TLDR; The recommendation is split into two parts: candidate generation and ranking. Candidate generation uses embeddings for video, user and search features to narrow down from millions of videos to hundreds. We use a deep architecture to predict softmax scores for each video to narrow to the hundreds. Then we use another network to mimic ranking the hundreds of videos to dozens. Now we can use ever more features, such as specific video content features for better recommendation. The goal is to predict the time spent on the clicked video, so weighted logistic regression is used for this prediction.
- Classic two-stage information retrieval dichotomy: deep candidate generation model and then a separate deep ranking model.
- Videos corpus –> candidate videos generation –> rank the videos –> display recommendations
- Input is user’s activity history and output is a small subset (100s) of videos from a large corpus. The candidate generation step provides broad personalization via collaborative filtering. Some of the features to compare with others users are videos watched, search queries, and demographics.
- We need to predict that a specific video will be watches at time t among millions of videos i (classes) from a corpus V based on user U and context C. This is a simple softmax where we compare the score for video i with the sum of scores for all the other videos. The inputs for video i and user are embeddings. We also use negative sampling because computation of the softmax denominator is not feasible at this scale.
- We get the embeddings for videos by technique like CBOW. in CBOW, we use context to predict the target word so similarly here, we use a user’s watch history to predict the target video. Once we have the trained embeddings, we can represent the user’s watch history as the average of the embeddings for each of the videos in the history. We can also do the same to embed the user’s search history. We split the searches into unigrams and bigrams and get the embeddings for each of those. Again, we get these embeddings by training on the searches separately in CBOW fashion (ex. use context search terms to predict target search term for all search queries to get trained token embeddings). Using these embeddings, we embed each uni/bigram and then again average them to get the user’s search history as a dense embedded input. User’s demographic and device are also embedded and we can also input binary features like gender, age. etc. but normalizing them.

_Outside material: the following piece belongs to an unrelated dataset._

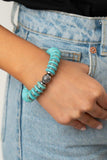 Paparazzi Eco Experience - Blue - Set  -  Infused with a pair of ornate silver beads, an earthy collection of shiny silver and refreshing turquoise discs alternate along a stretchy band around the wrist for an authentically artisan inspired look.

- All the videos and search tokens were embedded with 256 floats each in a maximum bag size of 50 recent watches and 50 recent searched. This is trained until convergence over all youtube users.

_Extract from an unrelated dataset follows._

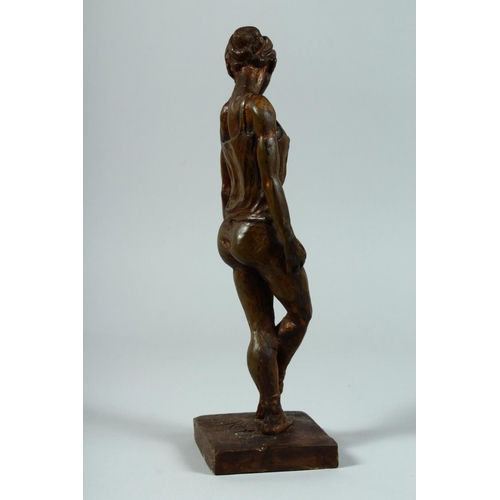 1328 - AFTER DEGAS A BRONZED STANDING FEMALE FIGURE on a square base. 13ins high.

- When ranking, we can input even more features since now we only have to rank 100s of videos. We assign a score to each video using softmax classifier again and rank the scores. We compute cost by seeing which video was actually watched.
- When inputting continuous variables, we need to normalize them and also input several powers of the input (x^2, sqrt(x)), “giving the network more expressive power by allowing it to easily form super- and sub-linear functions of the feature.”

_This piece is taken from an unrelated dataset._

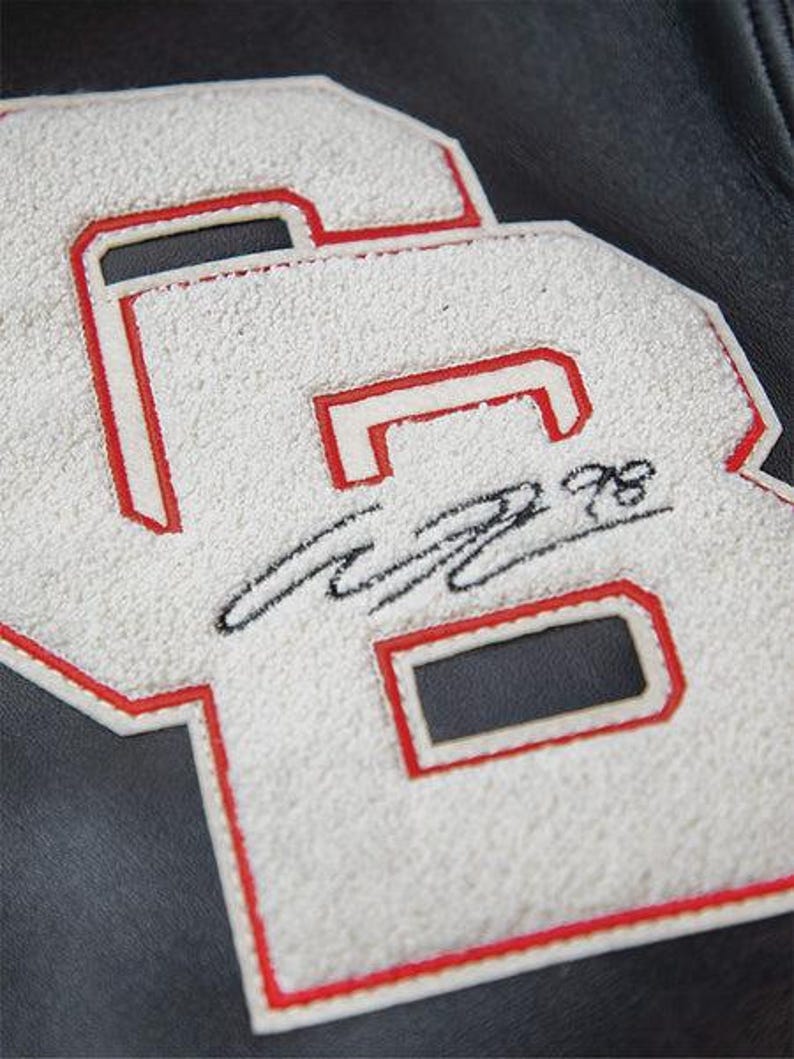 May include: Close-up of a white and red letterman jacket patch with the letters "GB" and a signature. The letters are white with a red outline, and the background is black.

- Increasing width and depth of hidden layers helps but the trade=off is the CPU time needed.
- Offline measures such as precision, recall, ranking loss, etc. provide very different results compared to live metrics such as A/B testing.
- In youtube, implicit feedback like thumbs up and likes are sparse and so are not good indications of a positive example. Instead, they use wether a video has been completed as a positive example. Also clicking on the video is not good enough because of issues like “clickbait”
- While training, the age of the video is input as a feature to account for initial popularity.
- Actual prediction is the time spent on the clicked video, so weighted logistic regression is used for this prediction.